═════ Supplied records

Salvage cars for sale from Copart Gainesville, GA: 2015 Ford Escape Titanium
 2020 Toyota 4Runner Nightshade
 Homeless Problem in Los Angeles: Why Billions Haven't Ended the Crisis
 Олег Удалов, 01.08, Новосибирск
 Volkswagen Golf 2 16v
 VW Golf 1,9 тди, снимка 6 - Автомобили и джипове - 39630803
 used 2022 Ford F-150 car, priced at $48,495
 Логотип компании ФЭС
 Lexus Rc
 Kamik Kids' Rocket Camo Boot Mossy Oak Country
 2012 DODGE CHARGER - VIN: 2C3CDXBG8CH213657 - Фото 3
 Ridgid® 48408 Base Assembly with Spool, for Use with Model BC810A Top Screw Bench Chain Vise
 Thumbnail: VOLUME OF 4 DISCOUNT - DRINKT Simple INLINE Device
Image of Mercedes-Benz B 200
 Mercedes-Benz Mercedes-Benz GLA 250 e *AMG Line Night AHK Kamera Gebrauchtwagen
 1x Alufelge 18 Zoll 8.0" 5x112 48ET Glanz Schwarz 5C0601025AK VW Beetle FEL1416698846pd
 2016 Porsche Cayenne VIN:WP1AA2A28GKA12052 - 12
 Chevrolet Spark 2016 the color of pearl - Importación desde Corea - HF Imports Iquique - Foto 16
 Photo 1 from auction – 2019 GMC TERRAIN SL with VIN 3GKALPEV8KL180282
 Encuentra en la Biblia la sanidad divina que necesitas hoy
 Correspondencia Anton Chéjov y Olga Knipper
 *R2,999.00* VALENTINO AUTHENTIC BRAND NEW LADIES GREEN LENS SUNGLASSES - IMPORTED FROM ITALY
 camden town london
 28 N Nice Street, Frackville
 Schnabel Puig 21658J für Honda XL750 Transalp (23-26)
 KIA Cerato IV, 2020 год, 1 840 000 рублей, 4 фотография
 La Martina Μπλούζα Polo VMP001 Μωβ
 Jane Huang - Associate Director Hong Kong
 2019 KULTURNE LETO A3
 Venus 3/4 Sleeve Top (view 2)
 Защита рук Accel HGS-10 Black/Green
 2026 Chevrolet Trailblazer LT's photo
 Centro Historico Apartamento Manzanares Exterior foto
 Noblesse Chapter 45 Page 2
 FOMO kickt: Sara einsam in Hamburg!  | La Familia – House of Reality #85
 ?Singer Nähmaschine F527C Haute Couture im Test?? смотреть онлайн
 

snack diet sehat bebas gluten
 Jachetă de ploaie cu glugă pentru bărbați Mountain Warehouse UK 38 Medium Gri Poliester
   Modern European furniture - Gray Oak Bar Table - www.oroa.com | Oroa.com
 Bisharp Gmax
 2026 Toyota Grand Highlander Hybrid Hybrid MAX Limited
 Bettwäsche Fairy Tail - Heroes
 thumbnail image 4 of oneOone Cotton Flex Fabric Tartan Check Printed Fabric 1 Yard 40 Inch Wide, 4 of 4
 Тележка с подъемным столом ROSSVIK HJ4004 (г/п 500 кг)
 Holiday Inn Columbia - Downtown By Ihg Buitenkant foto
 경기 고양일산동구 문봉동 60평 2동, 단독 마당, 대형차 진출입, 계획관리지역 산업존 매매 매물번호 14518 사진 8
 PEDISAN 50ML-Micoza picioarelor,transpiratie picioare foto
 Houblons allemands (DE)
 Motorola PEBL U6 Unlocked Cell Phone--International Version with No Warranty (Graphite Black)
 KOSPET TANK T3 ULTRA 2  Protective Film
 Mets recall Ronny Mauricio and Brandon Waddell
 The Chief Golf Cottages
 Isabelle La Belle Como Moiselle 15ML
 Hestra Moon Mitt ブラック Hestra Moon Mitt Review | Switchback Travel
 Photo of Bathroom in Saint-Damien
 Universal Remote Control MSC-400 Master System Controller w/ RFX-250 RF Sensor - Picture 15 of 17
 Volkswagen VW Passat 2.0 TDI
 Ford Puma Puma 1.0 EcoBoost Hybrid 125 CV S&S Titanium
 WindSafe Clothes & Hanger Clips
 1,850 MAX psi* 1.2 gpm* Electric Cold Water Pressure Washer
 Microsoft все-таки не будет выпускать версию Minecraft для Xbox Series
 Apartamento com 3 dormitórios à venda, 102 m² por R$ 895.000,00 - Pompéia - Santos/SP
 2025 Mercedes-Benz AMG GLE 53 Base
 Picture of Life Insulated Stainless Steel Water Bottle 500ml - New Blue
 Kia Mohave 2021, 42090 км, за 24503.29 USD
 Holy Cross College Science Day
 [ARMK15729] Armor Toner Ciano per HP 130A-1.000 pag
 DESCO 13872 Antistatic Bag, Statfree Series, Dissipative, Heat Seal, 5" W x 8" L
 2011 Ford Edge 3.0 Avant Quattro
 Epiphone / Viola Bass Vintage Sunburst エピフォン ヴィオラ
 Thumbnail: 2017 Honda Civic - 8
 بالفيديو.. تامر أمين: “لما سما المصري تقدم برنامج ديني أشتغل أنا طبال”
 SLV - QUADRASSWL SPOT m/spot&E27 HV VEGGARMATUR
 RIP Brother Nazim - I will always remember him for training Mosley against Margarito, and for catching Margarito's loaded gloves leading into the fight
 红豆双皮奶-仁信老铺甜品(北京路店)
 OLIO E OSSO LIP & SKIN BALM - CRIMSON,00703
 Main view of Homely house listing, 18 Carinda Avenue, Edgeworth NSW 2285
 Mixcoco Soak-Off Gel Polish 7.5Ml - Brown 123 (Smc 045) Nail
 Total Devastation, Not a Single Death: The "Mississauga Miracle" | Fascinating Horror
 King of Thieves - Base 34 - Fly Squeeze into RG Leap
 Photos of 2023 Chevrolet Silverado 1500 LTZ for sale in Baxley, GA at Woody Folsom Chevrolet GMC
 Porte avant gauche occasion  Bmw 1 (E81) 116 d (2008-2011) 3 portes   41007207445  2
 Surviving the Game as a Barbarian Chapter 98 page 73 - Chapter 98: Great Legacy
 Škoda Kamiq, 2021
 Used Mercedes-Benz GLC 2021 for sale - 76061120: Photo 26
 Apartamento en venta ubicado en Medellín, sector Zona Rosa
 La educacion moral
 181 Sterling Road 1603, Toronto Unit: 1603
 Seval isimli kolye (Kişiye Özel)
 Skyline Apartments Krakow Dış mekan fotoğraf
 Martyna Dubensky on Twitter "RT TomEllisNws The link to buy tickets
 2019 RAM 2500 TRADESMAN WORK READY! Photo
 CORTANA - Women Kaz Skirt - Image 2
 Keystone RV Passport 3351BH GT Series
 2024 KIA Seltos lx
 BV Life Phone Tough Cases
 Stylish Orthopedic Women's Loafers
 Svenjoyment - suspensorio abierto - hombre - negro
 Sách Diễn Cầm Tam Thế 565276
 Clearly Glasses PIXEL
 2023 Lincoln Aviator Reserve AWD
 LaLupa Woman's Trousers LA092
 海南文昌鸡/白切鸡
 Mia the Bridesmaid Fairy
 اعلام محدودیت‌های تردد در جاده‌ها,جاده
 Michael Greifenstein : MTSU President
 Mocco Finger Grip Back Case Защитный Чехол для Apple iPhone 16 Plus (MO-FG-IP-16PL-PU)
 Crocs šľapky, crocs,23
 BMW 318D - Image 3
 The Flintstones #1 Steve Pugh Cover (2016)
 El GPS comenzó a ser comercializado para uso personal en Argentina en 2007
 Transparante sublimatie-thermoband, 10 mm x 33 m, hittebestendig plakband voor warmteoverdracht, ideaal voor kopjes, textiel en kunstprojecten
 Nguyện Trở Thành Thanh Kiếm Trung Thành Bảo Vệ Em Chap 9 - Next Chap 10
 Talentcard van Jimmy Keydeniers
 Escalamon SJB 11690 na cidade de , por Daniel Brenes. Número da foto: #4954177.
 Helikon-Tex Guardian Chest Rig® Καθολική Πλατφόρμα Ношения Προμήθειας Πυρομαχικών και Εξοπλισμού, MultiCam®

══════════

• Task goal: Copy out all lines above holding "Black".

• Answer for this exercise:
 Защита рук Accel HGS-10 Black/Green
 Motorola PEBL U6 Unlocked Cell Phone--International Version with No Warranty (Graphite Black)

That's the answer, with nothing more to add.